Чем хорошо порт Кальяри, так это тем, что расположен в глубине залива. Стоило нам лечь в дрейф перед входом в залив — и никто не смог проскочить в порт незаметно. Впрочем, мы не мешали местным рыбакам и купцам сновать туда-сюда. Увидев на флагштоке британский флаг, союзный, они без страха проходили мимо нас. Эти суда меня не интересовали.

Что именно мне было нужно, я объяснил корсиканцам, которым предстоит нести вахту:

— В порт должно прибыть судно из Северной Италии, скорее всего, из Ниццы. Оно может быть рыбацким или купеческим. Сможете отличить такое от местных?

— Попробуем, — ответил за всех Пурфириу Лучани, но произнес не очень уверено.
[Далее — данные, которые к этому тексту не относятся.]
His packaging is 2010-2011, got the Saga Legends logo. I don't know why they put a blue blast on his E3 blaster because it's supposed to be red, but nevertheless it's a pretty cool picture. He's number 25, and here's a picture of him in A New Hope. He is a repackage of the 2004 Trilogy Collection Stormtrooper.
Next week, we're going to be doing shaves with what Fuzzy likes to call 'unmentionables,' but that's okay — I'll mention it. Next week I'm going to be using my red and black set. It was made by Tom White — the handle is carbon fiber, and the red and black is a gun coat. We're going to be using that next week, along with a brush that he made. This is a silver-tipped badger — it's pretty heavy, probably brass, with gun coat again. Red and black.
Я и сам не был уверен, что смогу определить такое судно. Оно должно часто бывать здесь, так что не особо выделяться. Оставалось понадеяться на везение.
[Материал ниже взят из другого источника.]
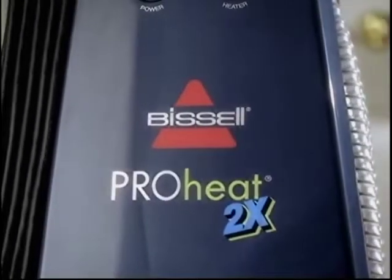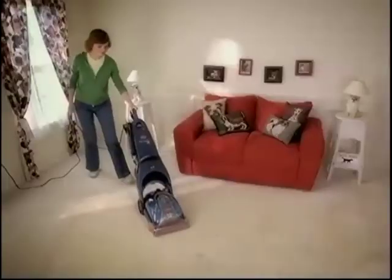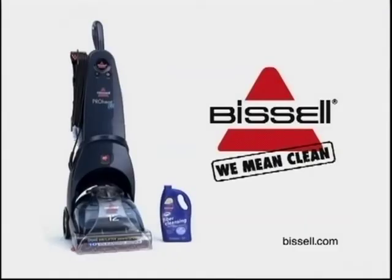Thankfully, the ProHeat 2X from Bissell is always there for me. It's got twice the brushes and twice the heat for a deep clean you can see. Bissell. We mean clean.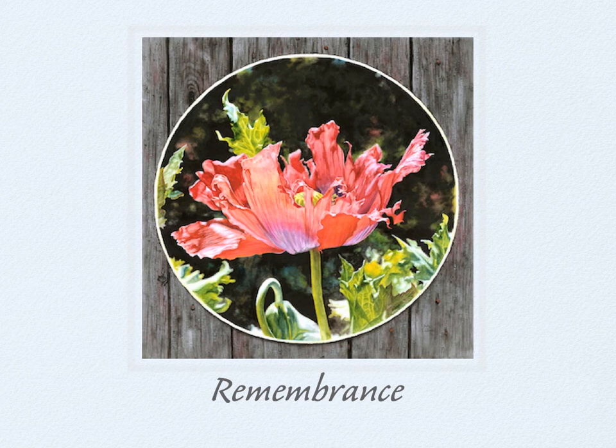This painting will premiere in the exhibit at the opening reception on November 11th as my tribute to our veterans. The title Remembrance references red poppies being used as a symbol of fallen soldiers, as in the poem called In Flanders Fields by John McRae. Big red poppies reseed themselves profusely in my gardens, and I love their frilly blossoms and fabulous shapes. The delicate petals become nearly transparent in strong sunlight, providing a variety of warm and cool colors. I used a square sheet of watercolor paper, placing the flower within a circle shape, painted as if the deckle-edged paper was against old barn boards.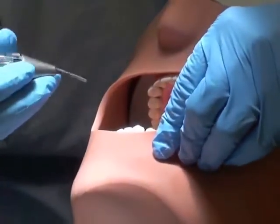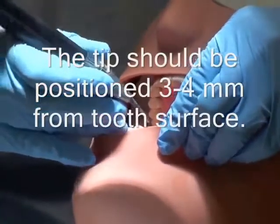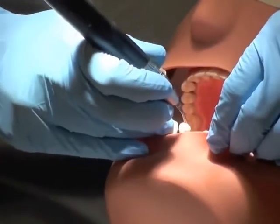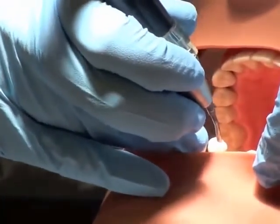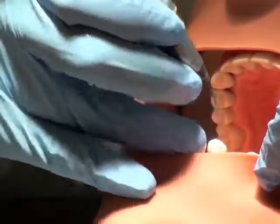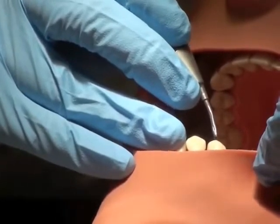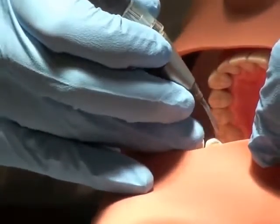The ProfiJet is used for extrinsic stain, and the placement of the tip angle is very important. For buccal and lingual, the tip is positioned at a 60-degree angle towards the gingiva. For the occlusal surface, the tip is positioned at a 90-degree angle. It can be uncomfortable for your patient if you position the tip incorrectly.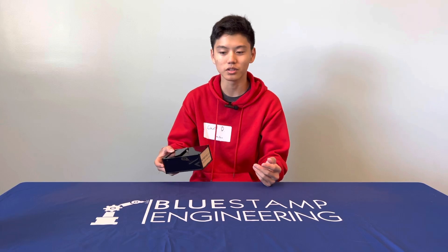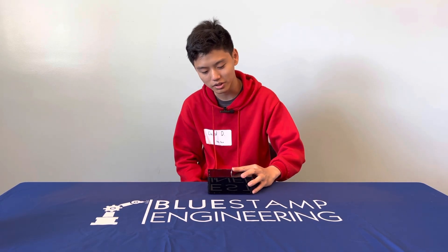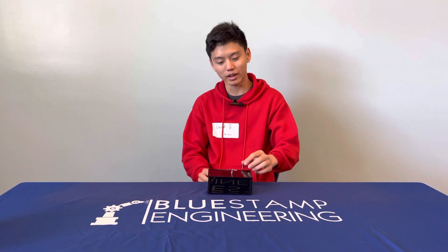I'm David, I'm from Homestead High School and this is my project, The Useless Box. So how it works is basically you flip the lever and then the machine itself will turn it back off.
На четвертые сутки ожидания, после сиесты, удача улыбнулась нам. Дул легкий западный ветер. Люггер, таща на буксире свой рабочий катер, курсом крутой бейдевинд шел против ветра, точнее, почти стоял почти на месте, когда из-за мыса появилось нависелло — так здесь называют суда, у которых фок-мачта сильно наклонена вперед, и к ней и к грот-мачте крепится большой трапециевидный парус, а второй парус, латинский, грот-мачта несет самостоятельно. Они встречаются часто, поэтому мои корсиканцы не обратили внимание. Их не насторожило, что нависелло в балласте. Зато я помнил, что Сардиния пока что — не «резервация миллиардеров», здесь парусники без дела не шляются.
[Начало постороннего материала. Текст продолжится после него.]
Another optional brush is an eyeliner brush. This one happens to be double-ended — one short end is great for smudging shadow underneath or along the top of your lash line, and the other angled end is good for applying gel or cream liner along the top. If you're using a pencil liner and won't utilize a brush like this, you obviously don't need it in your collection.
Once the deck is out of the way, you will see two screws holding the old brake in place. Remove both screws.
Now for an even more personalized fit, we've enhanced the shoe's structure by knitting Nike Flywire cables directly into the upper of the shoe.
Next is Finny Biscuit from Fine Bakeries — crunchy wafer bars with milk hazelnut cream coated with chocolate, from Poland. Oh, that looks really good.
— Зарядить холостым погонную пушку! Подтянуть катер к борту! Приготовиться абордажной партии! — приказал я.

На нависелло нарываться на грубость не стали, сразу опустили паруса и подняли сардинский флаг — красный крест на белом фоне и по черной голове мавра в каждой четверти. Это они все никак не забудут, что Сардиния была под властью арабов.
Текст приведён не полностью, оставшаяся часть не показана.